In a time when enforcement and legal risks related to sanctions compliance remain high, firms are urged to persistently adhere to regulatory expectations. This cautionary advice comes as geopolitical events are indicative of a possible extension in sanctions towards other areas.
Given the current landscape, it is vital that firms continue to comply diligently with their obligations under financial sanctions. The pace of new sanctions related to Russia has decelerated, as noted in a recent article on JD Supra, however, the global political environment suggests that this is unlikely to lead to a decrease overall in worldwide sanctions.
Beyond the immediate regulatory landscape, firms must also deal with the emerging difficulties posed by the restructuring of relationships and transactions. As time progresses, the ability to maintain the status quo becomes less feasible. This increasing complexity leads firms into uncharted territory from a compliance perspective, testing their capabilities and resilience.
The clear course of action in these changing dynamics is for firms to regularly review their internal practices to ensure they remain abreast with any alterations in financial sanctions. Rigor in maintaining up-to-date systems and controls is key in avoiding developing liability risks.

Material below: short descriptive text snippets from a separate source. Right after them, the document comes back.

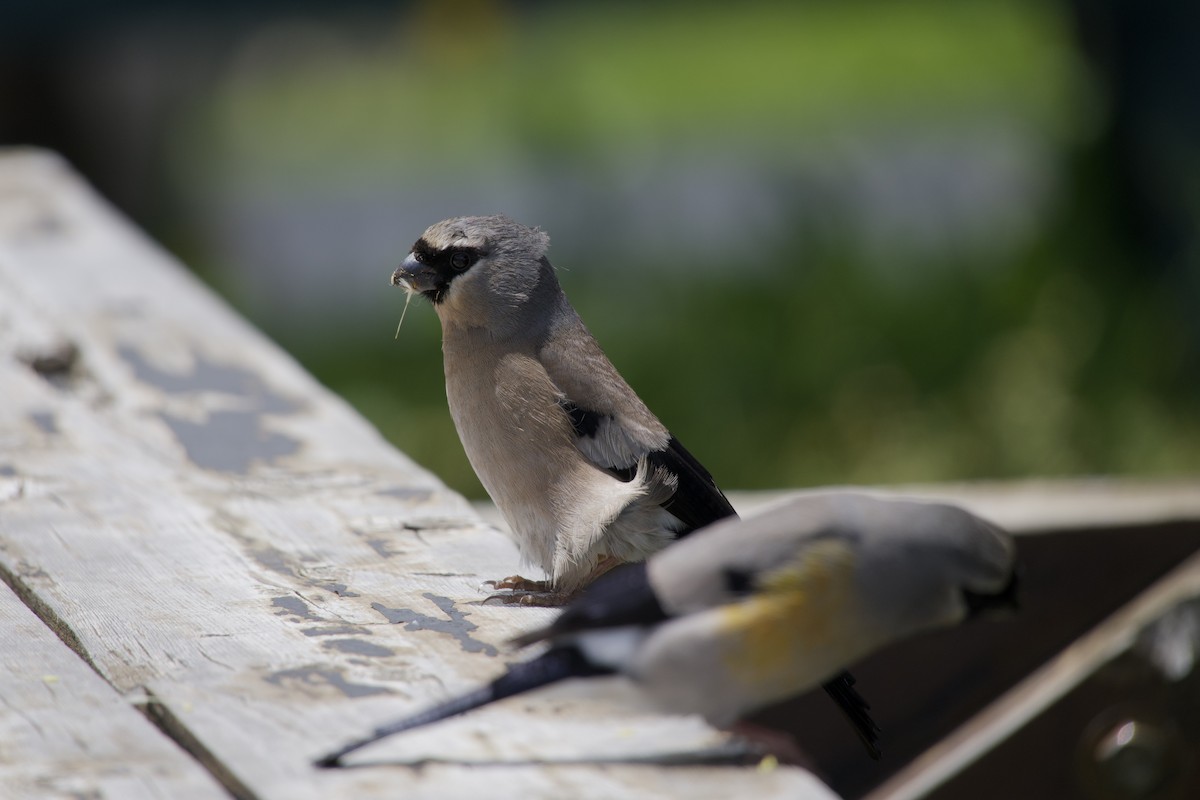 Taiwan Bullfinch - ML639982898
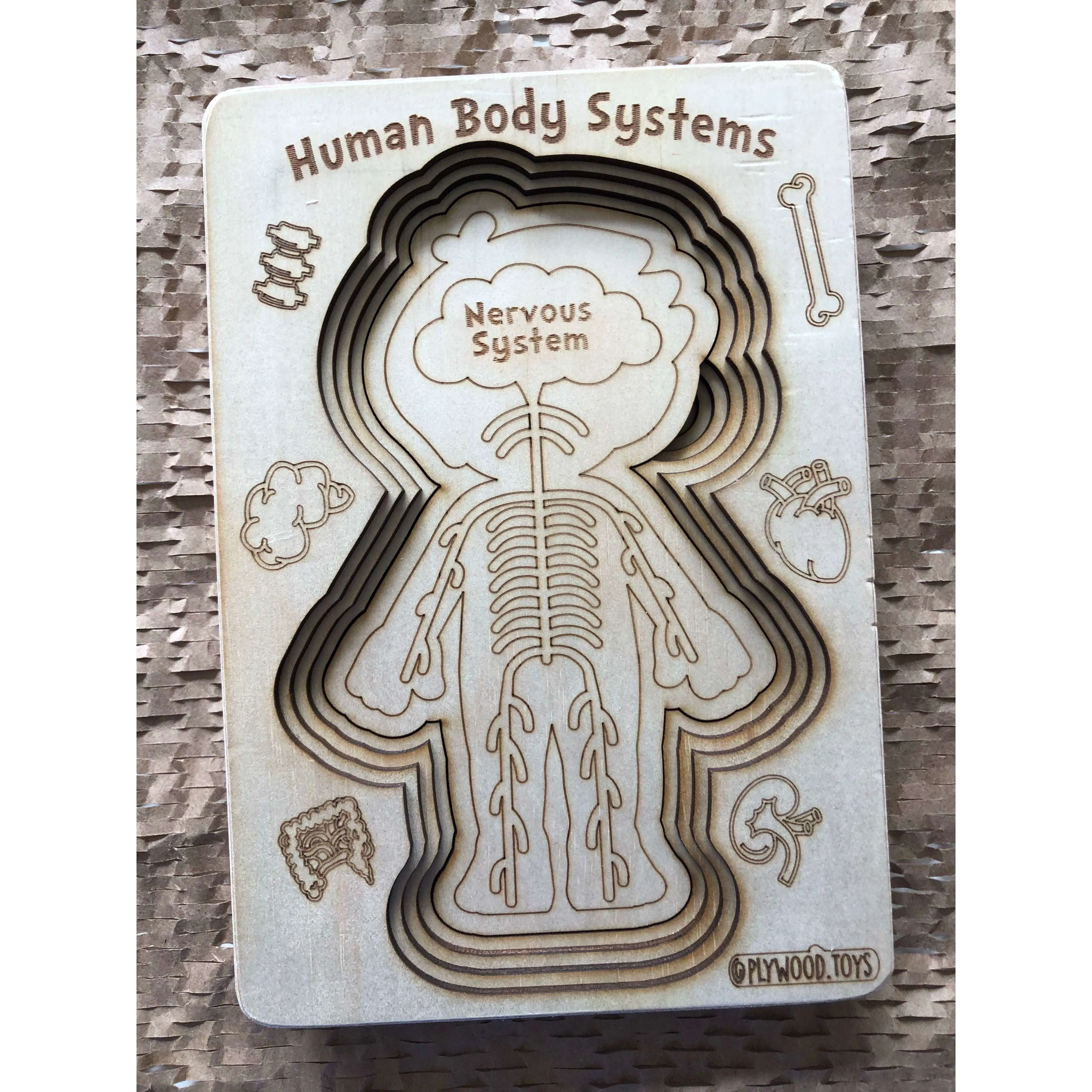 Human Body Systems-Male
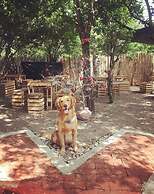 Hospedería Sol Del Desierto - Hostel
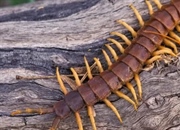 شگفتی‌های دنیای صدپایان: حقایقی باورنکردنی درباره این موجودات مرموز!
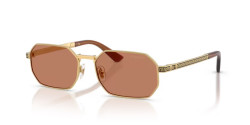 Versace VE 2297 - 100273 GOLD brown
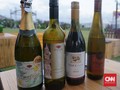 Memilih Wine yang Tepat sebagai Pendamping Makanan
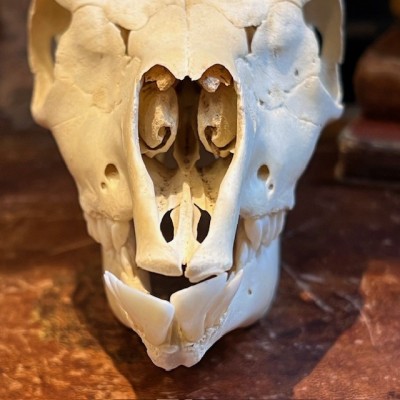 Blackbuck Skull - Antilope cervicapra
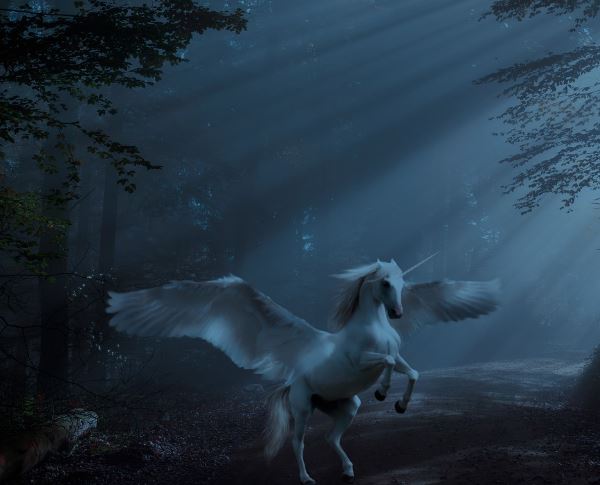 9 Interpretations of Dreaming about Unicorns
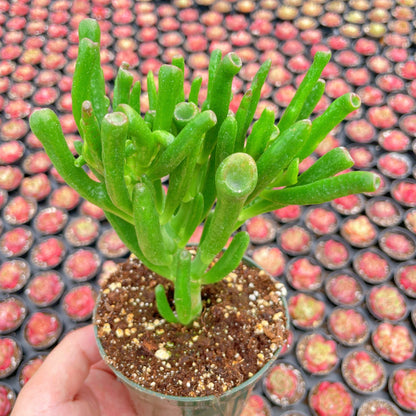 Crassula Ovata Gollum Jade Bulk 20pcs Tray in 4" Pot
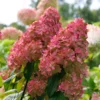 Hydrangea FIrelight 4 FGT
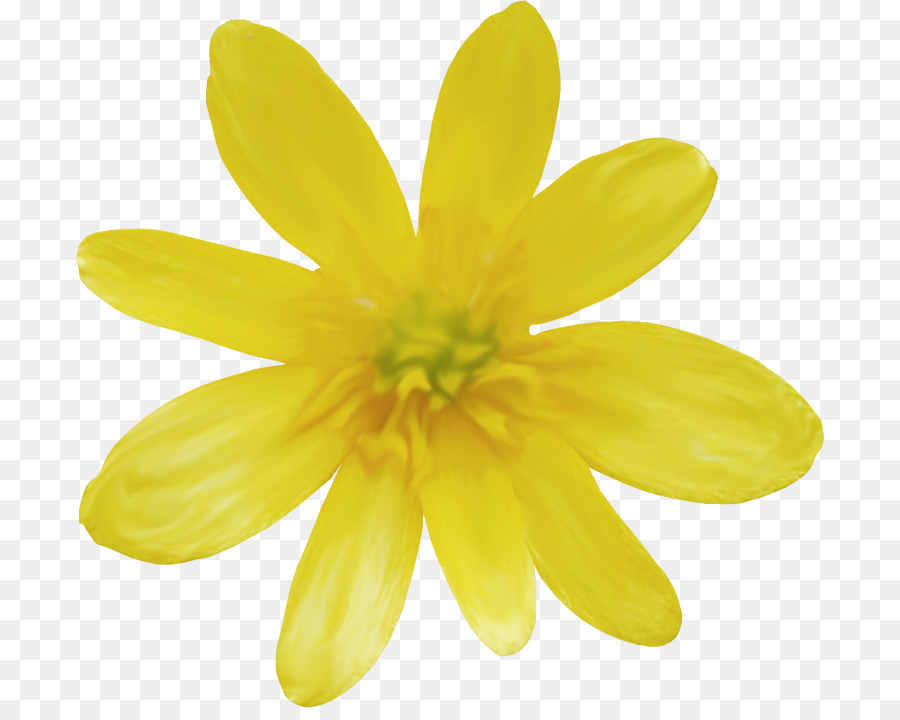 Fleur Jaune，Usine PNG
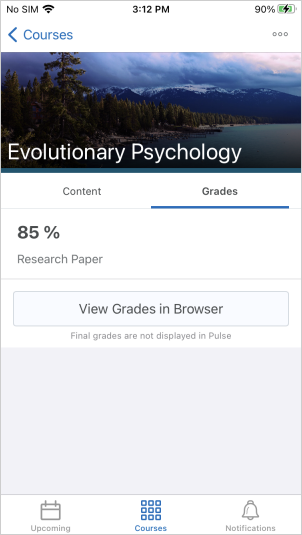The new Grades tab for a course in Brightspace Pulse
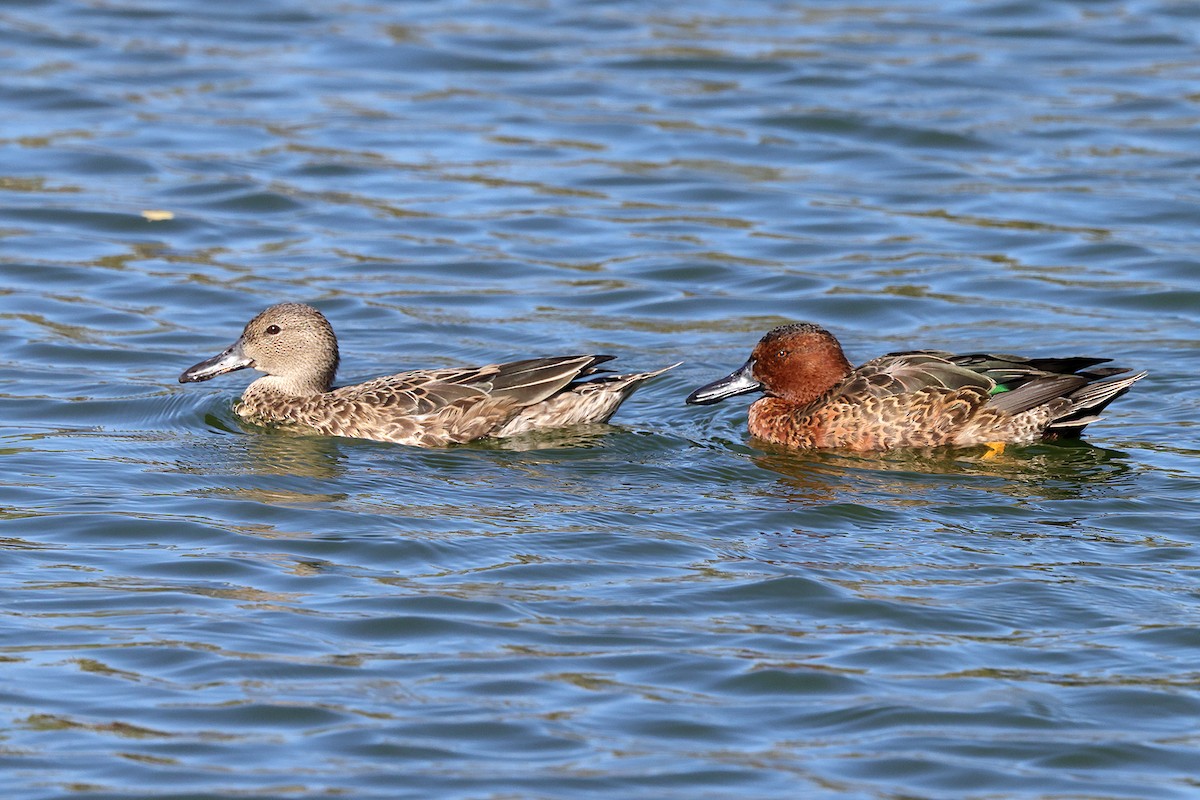 Cinnamon Teal - ML643642034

Staying informed and adapting accordingly is part of a firm’s due diligence process in minimising undue risk with regards to sanctions compliance.
Last but not least, a robust and effective compliance program provides an adequate safety net for preventing inadvertent violations and is seen as a contributing factor in mitigating penalties in the case of any inadvertent breaches.
In conclusion, meeting these ongoing regulatory expectations in the ever-changing political climate, and staying ahead of potential pitfalls, is increasingly vital.